Staff and students from Bella Bella Community School are going hungry as part of a protest against Enbridge’s disputed Northern Gateway pipeline from the oil sands to the Northern BC coast.
The small island village of Bella Bella—home to the Heiltsuk First Nation—is taking part in a 48-hour hunger strike starting Sunday afternoon, drawing attention to the risks that oil pipelines and oil tankers pose to their precious food sources and traditional way of life.
“The thing about this community is that it relies so much on the food that’s gathered from the water. I mean, the list of food is endless,” said Rachel Horst, a teacher at the school and one of the event’s organizers.
“So a hunger strike makes perfect sense, because it’s the food that’s being jeopardized. Really, if there were to be a spill there would be, in a sense, a hunger strike because people wouldn’t be able to eat. There’s a huge reliance on what’s brought out of the water. People don’t realize how much.”

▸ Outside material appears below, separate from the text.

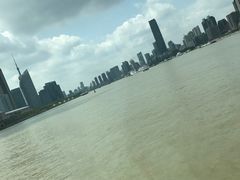 -秦皇岛路游船码头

Kylie Gladstone, a grade 11 student taking part in the strike, said she is passionate about this issue because she understands how severely a potential oil spill would impact her family and friends.
“My family wouldn’t be able to harvest the resources that we harvest to eat, like fishing or seaweed picking,” said Gladstone.
Though this won’t be her first experience fasting, Gladstone said she’s still a bit anxious—and eager to find out what comes out of their protest.
“I hope that they realize how much of a big problem that this is going to cause on the coast, for all the First Nations communities and the non-First Nations communities, too,” she said.
The Joint Review Panel heads to Bella Bella
The actions coordinated by staff and students at the school were timed to coincide with the Joint Review Panel hearings scheduled to begin in Bella Bella on Monday. In addition to the 48-hour fast, members of the community have planned a rally for Sunday, lining the streets to confront panel members and Enbridge representatives visiting the small town.
According to the group’s Facebook page, almost 400 people from British Columbia and beyond have signed on to participate, with even more expected to join both in action and in spirit. The community of Xwisten near Lillooet, BC have announced plans to gather in solidarity with Bella Bella, as have individuals from Berkeley, California to London, England, and even Cairo.
“It’s beyond what we were hoping for,” said Horst.
“It’s really pretty exciting. The video we made as a school got 2,500 hits, and people from all over the world have been commenting and showing their support, emailing me and asking what they can do.”
“It was supposed to just be a small hunger strike, and then it travelled throughout Canada," added Bella Bella student Korin Humchitt.
“It feels like we achieved something…and it hasn’t even started yet.”
Humchitt is set to present an essay to the Joint Review Panel once the community hearings begin. Like many others from the school presenting oral statements, he says he hopes the panel will really listen to what the residents have to say.
Oil tankers will "ruin our land"
“When [the tankers] do come here, they’re going to ruin our land. And that’s all that we have, practically, to support ourselves. It’s what our ancestors lived off of,” Humchitt explained, emphasizing his fear of losing his Aboriginal culture, or missing out on the chance to teach his kids about the ocean.
“Everything’s in jeopardy right now,” said Courtney Reid, another student in the school’s Grade 12 First Nations Studies class.
“All our food and all our activities, we have on the water. All the memories I have could just become only memories, and my brother might not be able to experience what I have if a spill happens,” she said.
Violet Lindberg, a teacher from Whitehorse who moved to Bella Bella over a decade ago, explained that people in the community have a very intimate connection with their sacred waters.
“Besides working in the school, I take kids out on the boat all the time, as much as I possibly can…and I eat seven meals a week, if not twice a day, from this ocean. That’s what I survive on, this ocean. And when there’s an oil spill, what are we going to do?” asked Lindberg.
No support for Enbridge oil sands pipeline
She said that in Bella Bella, the entire community seems to have reached a consensus on what they think of the Enbridge proposal—so far, she doesn't know of anybody who's come out in favour of the pipeline.
During the hunger strike, Lindberg and Horst plan to stay with the students at the school, doing public speaking practice for the hearings and engaging in educational activities to beef up their knowledge on the issue. On Tuesday when the fasting ends, there will be a feast made up of local fish and other foods community members have gathered from the ocean.
“The students, when they speak to the panel, will invite the panel members to our feast,” said Lindberg.
“As Heiltsuk people we are welcoming to people within our community, and we want to make sure they feel welcome. But also, we want to show them the food that we do eat daily...I don’t know if they’ll actually come, but they will be invited.”